The architecture of the evening was straightforward: the effervescent overture to “Candide,” the Symphonic Dances from “West Side Story,” and, after the intermission, a semi-staged rendering of “Wonderful Town” from 1953. Within this triptych, American conductor Garrett Keast generated an atmosphere less of succession than of accumulation — each work refracting the others’ emotional energies.
Musical Highlights
From the first downbeat, Keast made clear that Bernstein’s music would not be treated as heritage repertoire polished to a high gloss, but as something very much in the now. His conducting style is not merely demonstrative; it is corporeal. He seemed to live the rhythmic syntax, translating it into physical impulse — arms slicing, shoulders swaying, feet jumping, fingers snapping as if the beat were being struck into existence. In the wide expanse of the Oslo stage, with the chorus arrayed on risers at the rear, such amplification of gesture was not indulgence but necessity. The result was a rare alignment of visual and sonic rhetoric: one could almost see the syncopations.

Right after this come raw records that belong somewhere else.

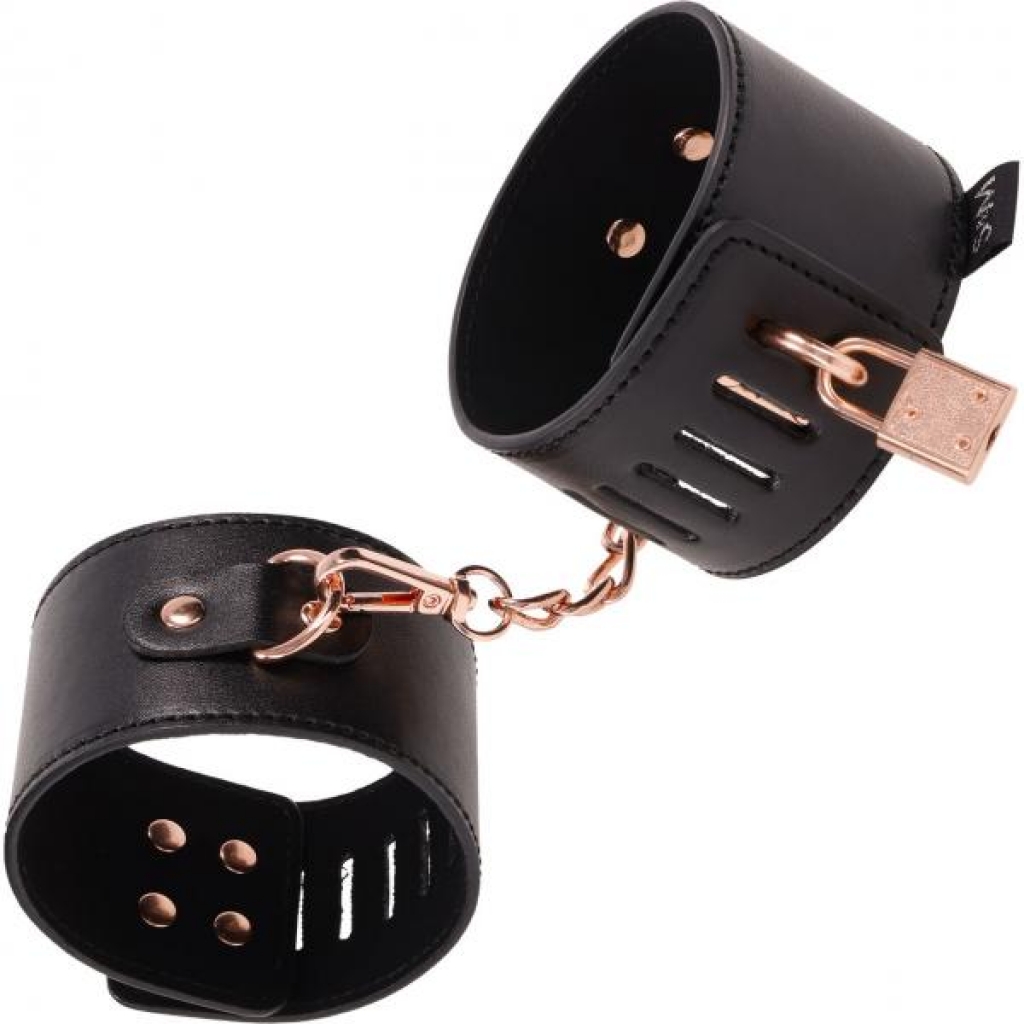 Sex & Mischief Brat Locking Cuffs - Rose Gold and Black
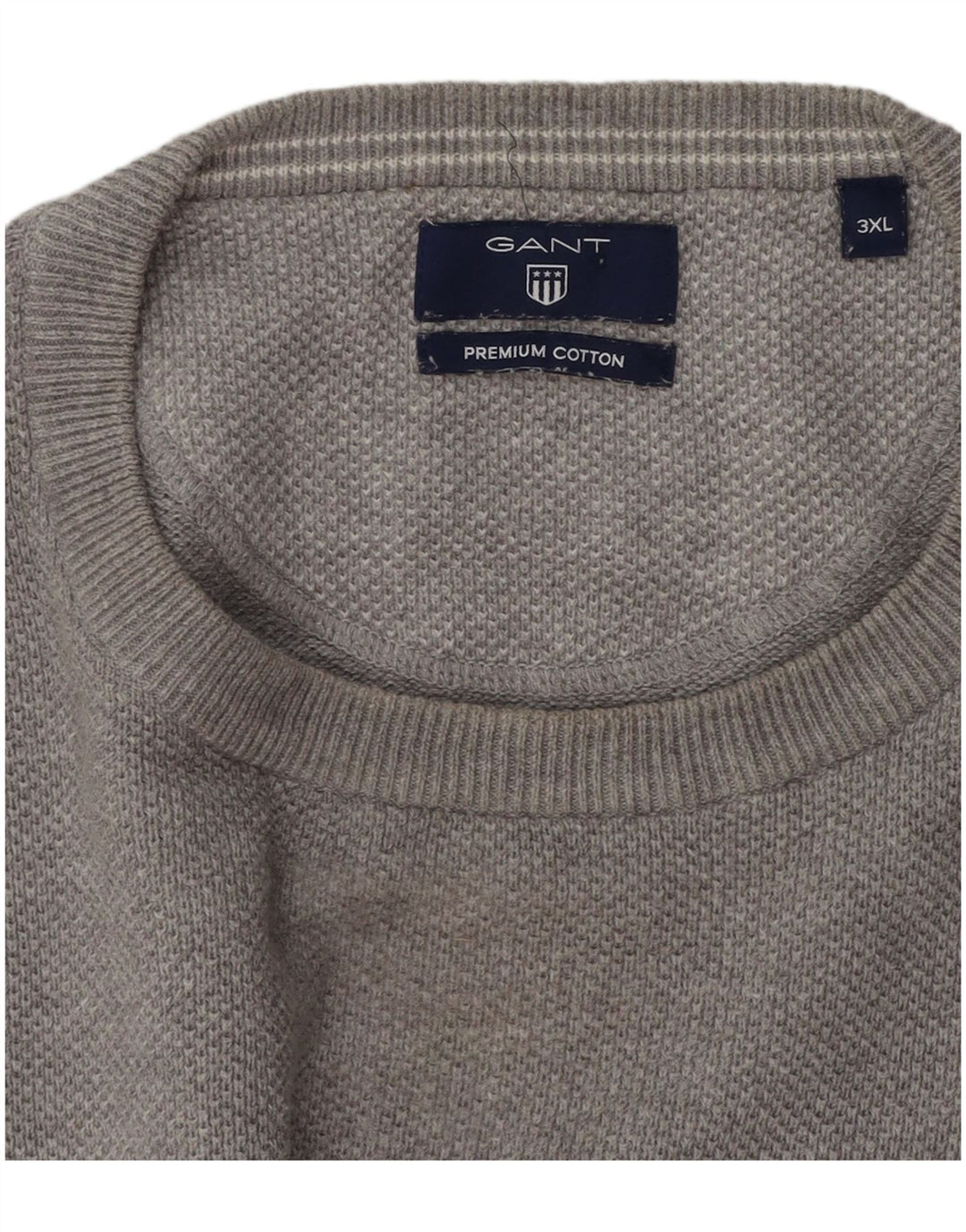 Gant Herren-Pullover mit Rundhalsausschnitt, 3XL, graue Baumwolle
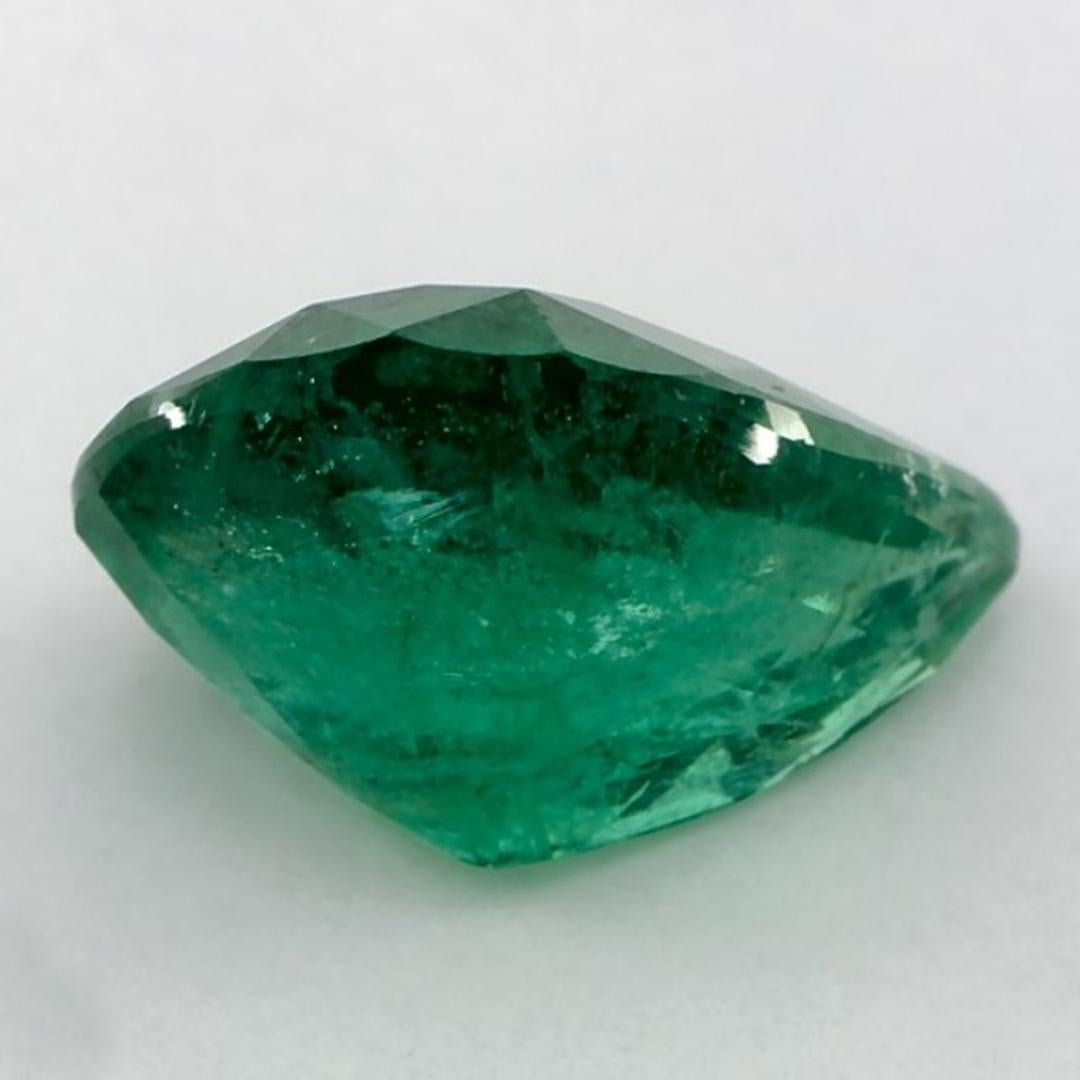 3.54 Carat Natural Emerald Pear Loose Gemstone In New Condition For Sale In Fort Lee, NJ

The Norwegian National Opera Orchestra responded with a precision that never tipped into rigidity. Bernstein’s orchestration — so often a precarious balance of brilliance and translucence — was handled with notable care and nod to an American sway. The brass and percussion delivered the requisite bite, particularly in the brassy éclat of the “Candide” overture and the propulsive sections of the “Symphonic Dances.” Yet what lingered was the clarity of the inner textures: harp figures glinting through the orchestral weave, strings turning from astringent attack to a kind of bruised lyricism within a single phrase.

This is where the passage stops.